Als eerste vroeg Steel zich af of het HMS Oxley (55P) was, waarvan hij wist dat deze in het gebied naast het zijne opereerde. Met seinen werd een signaal naar de mogelijke vijand gezonden. Dit was gebruikelijk bij operaties in of nabij neutrale wateren. Toen geen tegenantwoord werd ontvangen, gaf Steele na 20 seconden nogmaals de opdracht een signaal te seinen. Wederom werd geen antwoord ontvangen. De mogelijke vijand lag laag in het water en kon visueel niet worden geïdentificeerd. Voor een derde keer werd een signaal geseind, waar wederom geen antwoord op kwam. Tot slot werd een lichtkogel afgevuurd in een poging alsnog antwoord te ontvangen. Wederom ontving men geen reactie. Steel was er nu van overtuigd met een vijandelijke onderzeebot te maken te hebben en gaf bevel torpedo's te vuren uit de lanceerbuizen 7 en 8. Ongeveer een halve minuut na lanceren van de torpedo's, zag een wacht lichtsignalen van het 'vijandelijke' schip komen, maar deze konden niet worden geïdentificeerd en stopten al snel. Kort hierna troffen de torpedo's hun doel.

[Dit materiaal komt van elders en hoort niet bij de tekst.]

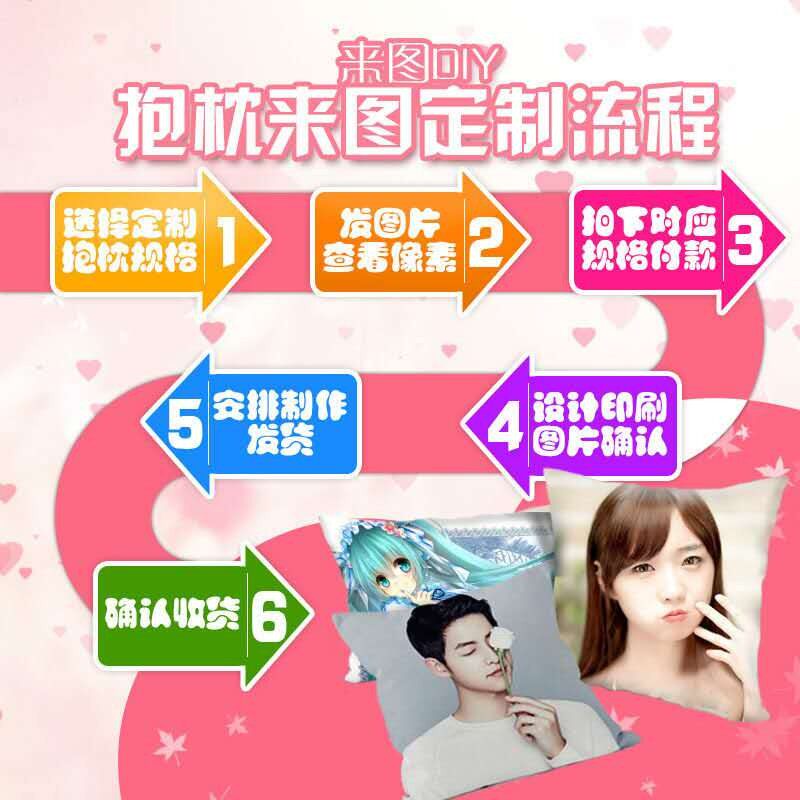 2021十字绣抱枕定做diy真人照片私人订制学生情侣靠垫套线绣双面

Na het voorval voer HMS Triton (N15) naar de plek waar de 'vijandelijke' onderzeeboot ten onder was gegaan en zag drie drenkelingen in het water. Lieutenant Stacey en Lieutenant Guy C. I. St. B. Watkins bonden reddingslijnen aan zichzelf vast en sprongen in het water om de drenkelingen te halen. Twee drenkelingen konden worden gered.
De geredde drenkelingen bleken Lieutenant Commander Harold Godfrey Bowerman en Able Seaman Guckes van HMS Oxley (55P) te zijn. De derde drenkeling die gezien was, maar niet gered kon worden, was Lieutenant F. K. Manley, de wachtofficier van HMS Oxley. Een zoektocht naar andere overlevenden bracht niets op. Door een navigatiefout was HMS Oxley (55P), 4 nm (ca 7 km) in de operatiesector terecht gekomen van HMS Triton (N15).

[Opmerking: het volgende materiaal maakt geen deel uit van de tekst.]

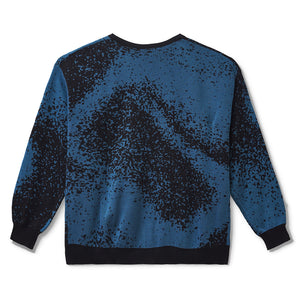 WAVEFORM KNIT CARDIGAN BLUE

HMS Oxley (55P), werd tot zinken gebracht op ongeveer 52 km ten Zuidzuidwesten van Stavanger, Noorwegen. Na zijn redding, verklaarde Lieutenant Commander Bowerman dat hij even voor de torpedering door de wacht naar de brug was geroepen omdat de wacht een lichtkogel had gesignaleerd. Bowerman probeerde hierop met een lichtkogel te antwoorden, maar de lichtgranaat weigerde. Lieutenant Manley, de officier van wacht, beweerde het signaal van HMS Triton te hebben beantwoord, maar Bowerman kon dit niet bevestigen en Lieutenant Manley was omgekomen. Voordat ze alsnog konden antwoorden, troffen de torpedo's hun doel en kwam Bowerman in het water terecht.
HMS Oxley (55P) werd hiermee de eerste Britse onderzeeboot die verloren ging tijdens de Tweede Wereldoorlog. Uit onderzoek van de onderzoek raad bleek dat de bemanning van HMS Triton (N15) correct had geopereerd en al het mogelijke had gedaan om fouten te voorkomen. Gedurende de Tweede Wereldoorlog werd volgehouden dat HMS Oxley tot zinken was gebracht door een explosie aan boord. Na de oorlog werd bekendgemaakt dat het schip was gezonken na een aanvaring met HMS Triton. Pas in de jaren 1950 kwam de werkelijke oorzaak aan het licht.
Het noodlottige voorval had 53 bemanningsleden het leven gekost. Zij worden allen herdacht op het Dundee Submarine Memorial.